* **EXTRACTED INFORMATION**:
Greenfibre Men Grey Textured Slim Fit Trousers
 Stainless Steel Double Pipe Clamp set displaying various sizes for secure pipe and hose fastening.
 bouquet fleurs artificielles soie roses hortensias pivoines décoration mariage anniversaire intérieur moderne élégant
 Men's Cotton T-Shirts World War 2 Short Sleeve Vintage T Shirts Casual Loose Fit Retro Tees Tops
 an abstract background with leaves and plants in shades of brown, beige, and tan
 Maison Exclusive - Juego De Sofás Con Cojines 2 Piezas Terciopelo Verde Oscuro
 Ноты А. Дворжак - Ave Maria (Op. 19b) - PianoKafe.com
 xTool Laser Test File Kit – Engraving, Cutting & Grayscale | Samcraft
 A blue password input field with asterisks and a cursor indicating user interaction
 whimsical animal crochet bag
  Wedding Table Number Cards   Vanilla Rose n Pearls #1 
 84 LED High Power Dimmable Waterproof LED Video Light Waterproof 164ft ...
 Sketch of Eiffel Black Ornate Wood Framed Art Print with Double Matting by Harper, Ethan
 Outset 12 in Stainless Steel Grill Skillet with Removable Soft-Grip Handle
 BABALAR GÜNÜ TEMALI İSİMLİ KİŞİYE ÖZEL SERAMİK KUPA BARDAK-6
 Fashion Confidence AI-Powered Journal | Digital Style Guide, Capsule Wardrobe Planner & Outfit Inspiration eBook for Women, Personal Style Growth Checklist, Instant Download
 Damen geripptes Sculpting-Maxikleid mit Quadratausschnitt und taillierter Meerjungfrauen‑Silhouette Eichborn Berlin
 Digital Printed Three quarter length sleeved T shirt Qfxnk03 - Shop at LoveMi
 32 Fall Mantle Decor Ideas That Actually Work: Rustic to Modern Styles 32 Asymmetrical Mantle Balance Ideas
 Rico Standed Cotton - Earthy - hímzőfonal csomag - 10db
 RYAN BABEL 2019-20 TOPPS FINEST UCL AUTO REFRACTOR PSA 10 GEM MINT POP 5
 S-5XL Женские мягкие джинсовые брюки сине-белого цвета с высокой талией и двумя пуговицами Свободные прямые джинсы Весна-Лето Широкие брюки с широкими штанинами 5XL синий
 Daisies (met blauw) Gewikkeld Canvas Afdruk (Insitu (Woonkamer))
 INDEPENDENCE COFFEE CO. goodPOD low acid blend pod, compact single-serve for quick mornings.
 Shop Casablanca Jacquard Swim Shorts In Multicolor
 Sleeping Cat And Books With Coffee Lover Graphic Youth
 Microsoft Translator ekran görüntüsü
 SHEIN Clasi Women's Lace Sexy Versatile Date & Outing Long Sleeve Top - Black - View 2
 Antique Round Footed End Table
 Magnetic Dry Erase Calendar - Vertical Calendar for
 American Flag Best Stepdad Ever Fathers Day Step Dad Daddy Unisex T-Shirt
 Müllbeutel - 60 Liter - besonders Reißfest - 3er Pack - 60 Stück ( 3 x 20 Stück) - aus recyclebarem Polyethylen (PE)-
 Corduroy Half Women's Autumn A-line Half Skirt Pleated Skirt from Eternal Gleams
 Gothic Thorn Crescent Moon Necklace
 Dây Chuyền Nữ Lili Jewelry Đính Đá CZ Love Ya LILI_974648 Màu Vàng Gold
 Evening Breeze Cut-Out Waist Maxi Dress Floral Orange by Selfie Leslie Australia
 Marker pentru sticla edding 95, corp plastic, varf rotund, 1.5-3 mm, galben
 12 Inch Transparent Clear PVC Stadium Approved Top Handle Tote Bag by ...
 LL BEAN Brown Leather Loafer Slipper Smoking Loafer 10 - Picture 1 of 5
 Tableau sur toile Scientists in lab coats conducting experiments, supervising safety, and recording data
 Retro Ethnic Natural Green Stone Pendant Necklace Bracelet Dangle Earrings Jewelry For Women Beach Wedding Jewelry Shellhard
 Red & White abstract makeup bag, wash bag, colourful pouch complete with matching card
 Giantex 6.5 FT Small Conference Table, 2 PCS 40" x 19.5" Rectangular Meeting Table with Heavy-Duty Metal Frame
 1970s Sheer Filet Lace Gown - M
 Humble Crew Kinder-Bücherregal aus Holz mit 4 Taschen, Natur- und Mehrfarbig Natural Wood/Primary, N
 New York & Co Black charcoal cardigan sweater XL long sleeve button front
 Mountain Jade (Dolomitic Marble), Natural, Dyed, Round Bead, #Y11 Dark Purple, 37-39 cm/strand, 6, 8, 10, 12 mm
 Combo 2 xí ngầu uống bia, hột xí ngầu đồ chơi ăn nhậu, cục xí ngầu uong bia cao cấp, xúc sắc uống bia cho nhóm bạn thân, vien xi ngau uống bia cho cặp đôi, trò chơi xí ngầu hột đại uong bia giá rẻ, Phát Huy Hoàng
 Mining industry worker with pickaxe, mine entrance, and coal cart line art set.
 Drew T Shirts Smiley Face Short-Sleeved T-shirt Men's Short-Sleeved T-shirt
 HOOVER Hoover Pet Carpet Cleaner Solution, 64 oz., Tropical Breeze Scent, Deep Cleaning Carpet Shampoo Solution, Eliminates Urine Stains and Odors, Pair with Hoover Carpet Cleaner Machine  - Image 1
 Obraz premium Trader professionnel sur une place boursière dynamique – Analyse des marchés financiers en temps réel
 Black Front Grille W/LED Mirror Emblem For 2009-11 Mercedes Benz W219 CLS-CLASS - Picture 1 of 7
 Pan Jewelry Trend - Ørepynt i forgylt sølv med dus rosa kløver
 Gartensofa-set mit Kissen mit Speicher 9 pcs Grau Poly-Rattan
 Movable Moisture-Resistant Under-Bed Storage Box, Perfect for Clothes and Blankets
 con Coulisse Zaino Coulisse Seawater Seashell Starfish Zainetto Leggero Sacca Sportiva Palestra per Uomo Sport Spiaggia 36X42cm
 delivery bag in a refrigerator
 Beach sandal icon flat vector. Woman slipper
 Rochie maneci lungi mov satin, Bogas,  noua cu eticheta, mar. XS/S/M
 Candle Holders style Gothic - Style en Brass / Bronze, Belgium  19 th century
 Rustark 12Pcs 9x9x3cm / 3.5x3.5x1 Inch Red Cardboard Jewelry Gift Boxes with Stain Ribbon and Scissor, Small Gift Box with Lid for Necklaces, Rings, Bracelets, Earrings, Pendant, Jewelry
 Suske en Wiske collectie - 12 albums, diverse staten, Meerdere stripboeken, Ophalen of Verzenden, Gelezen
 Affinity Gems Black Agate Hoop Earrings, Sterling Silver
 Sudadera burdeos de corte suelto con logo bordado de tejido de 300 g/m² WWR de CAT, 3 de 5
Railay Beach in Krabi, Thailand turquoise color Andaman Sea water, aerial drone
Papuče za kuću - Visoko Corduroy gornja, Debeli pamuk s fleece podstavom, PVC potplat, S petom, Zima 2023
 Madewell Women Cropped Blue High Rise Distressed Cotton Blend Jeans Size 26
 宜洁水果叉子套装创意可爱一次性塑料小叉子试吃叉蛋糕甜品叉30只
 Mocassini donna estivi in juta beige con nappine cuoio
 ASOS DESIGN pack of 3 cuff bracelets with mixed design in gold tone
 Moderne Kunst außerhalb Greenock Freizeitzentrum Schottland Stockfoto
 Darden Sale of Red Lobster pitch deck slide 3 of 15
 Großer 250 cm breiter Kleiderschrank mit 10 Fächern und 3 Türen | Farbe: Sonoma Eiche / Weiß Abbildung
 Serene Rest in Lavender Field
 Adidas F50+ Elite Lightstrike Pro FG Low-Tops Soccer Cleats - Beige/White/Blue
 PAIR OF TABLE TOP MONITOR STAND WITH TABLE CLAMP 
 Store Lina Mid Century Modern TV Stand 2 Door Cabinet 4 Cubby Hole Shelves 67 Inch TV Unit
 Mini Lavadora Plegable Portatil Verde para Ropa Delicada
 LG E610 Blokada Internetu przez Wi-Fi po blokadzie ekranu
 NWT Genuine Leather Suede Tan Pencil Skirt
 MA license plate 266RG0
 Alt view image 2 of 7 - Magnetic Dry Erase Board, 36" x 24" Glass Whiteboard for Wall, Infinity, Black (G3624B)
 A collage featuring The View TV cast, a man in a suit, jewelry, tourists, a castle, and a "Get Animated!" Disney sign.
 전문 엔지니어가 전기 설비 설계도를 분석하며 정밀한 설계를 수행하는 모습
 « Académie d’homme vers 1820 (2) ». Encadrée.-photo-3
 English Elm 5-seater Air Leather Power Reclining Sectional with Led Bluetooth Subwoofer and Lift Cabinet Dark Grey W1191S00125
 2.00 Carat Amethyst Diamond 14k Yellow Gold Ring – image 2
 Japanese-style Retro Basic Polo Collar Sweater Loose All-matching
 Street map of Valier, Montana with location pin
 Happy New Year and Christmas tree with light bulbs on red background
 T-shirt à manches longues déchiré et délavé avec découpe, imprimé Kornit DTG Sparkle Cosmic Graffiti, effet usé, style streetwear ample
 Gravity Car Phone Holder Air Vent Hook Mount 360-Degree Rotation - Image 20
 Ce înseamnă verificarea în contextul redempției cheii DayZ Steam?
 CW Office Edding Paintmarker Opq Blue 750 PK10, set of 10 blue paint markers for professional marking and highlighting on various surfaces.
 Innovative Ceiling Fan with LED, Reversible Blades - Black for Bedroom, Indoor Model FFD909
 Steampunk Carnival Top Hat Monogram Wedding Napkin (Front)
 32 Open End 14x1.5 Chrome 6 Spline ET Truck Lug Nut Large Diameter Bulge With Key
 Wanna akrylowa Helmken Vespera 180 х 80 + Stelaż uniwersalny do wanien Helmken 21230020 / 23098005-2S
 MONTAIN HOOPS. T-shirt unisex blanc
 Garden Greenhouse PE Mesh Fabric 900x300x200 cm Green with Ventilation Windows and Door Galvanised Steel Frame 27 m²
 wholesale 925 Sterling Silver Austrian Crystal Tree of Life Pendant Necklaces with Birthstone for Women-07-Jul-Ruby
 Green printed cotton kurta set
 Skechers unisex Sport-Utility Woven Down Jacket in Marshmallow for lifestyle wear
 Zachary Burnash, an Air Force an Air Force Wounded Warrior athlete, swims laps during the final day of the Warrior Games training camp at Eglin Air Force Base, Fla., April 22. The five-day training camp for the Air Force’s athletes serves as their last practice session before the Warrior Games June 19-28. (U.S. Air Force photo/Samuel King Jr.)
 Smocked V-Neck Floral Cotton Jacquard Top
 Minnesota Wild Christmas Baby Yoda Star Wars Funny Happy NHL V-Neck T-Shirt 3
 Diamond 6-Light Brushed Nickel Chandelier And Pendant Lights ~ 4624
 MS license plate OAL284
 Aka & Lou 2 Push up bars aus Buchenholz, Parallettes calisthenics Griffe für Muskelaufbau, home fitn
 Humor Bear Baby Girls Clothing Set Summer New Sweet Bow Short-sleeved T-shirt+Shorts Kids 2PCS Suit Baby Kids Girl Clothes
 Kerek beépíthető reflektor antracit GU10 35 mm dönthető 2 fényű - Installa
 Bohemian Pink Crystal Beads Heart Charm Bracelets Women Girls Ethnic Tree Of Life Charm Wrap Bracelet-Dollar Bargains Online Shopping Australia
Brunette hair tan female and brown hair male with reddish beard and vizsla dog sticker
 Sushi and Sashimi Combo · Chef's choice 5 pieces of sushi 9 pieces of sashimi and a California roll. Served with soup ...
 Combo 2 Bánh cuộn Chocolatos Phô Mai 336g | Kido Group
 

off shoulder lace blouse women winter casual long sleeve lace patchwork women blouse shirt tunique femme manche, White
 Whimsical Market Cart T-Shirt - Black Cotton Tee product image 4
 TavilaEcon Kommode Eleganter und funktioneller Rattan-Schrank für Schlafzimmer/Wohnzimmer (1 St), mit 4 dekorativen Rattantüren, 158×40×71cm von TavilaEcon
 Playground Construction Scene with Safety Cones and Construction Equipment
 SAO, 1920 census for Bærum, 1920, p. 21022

* **PROBLEM DESCRIPTION**: Copy out the entries exactly. Begin at the first line and end with the line that has "Fashion Confidence AI-Powered".

* **RESPONSE BELOW**:
Greenfibre Men Grey Textured Slim Fit Trousers
 Stainless Steel Double Pipe Clamp set displaying various sizes for secure pipe and hose fastening.
 bouquet fleurs artificielles soie roses hortensias pivoines décoration mariage anniversaire intérieur moderne élégant
 Men's Cotton T-Shirts World War 2 Short Sleeve Vintage T Shirts Casual Loose Fit Retro Tees Tops
 an abstract background with leaves and plants in shades of brown, beige, and tan
 Maison Exclusive - Juego De Sofás Con Cojines 2 Piezas Terciopelo Verde Oscuro
 Ноты А. Дворжак - Ave Maria (Op. 19b) - PianoKafe.com
 xTool Laser Test File Kit – Engraving, Cutting & Grayscale | Samcraft
 A blue password input field with asterisks and a cursor indicating user interaction
 whimsical animal crochet bag
  Wedding Table Number Cards   Vanilla Rose n Pearls #1 
 84 LED High Power Dimmable Waterproof LED Video Light Waterproof 164ft ...
 Sketch of Eiffel Black Ornate Wood Framed Art Print with Double Matting by Harper, Ethan
 Outset 12 in Stainless Steel Grill Skillet with Removable Soft-Grip Handle
 BABALAR GÜNÜ TEMALI İSİMLİ KİŞİYE ÖZEL SERAMİK KUPA BARDAK-6
 Fashion Confidence AI-Powered Journal | Digital Style Guide, Capsule Wardrobe Planner & Outfit Inspiration eBook for Women, Personal Style Growth Checklist, Instant Download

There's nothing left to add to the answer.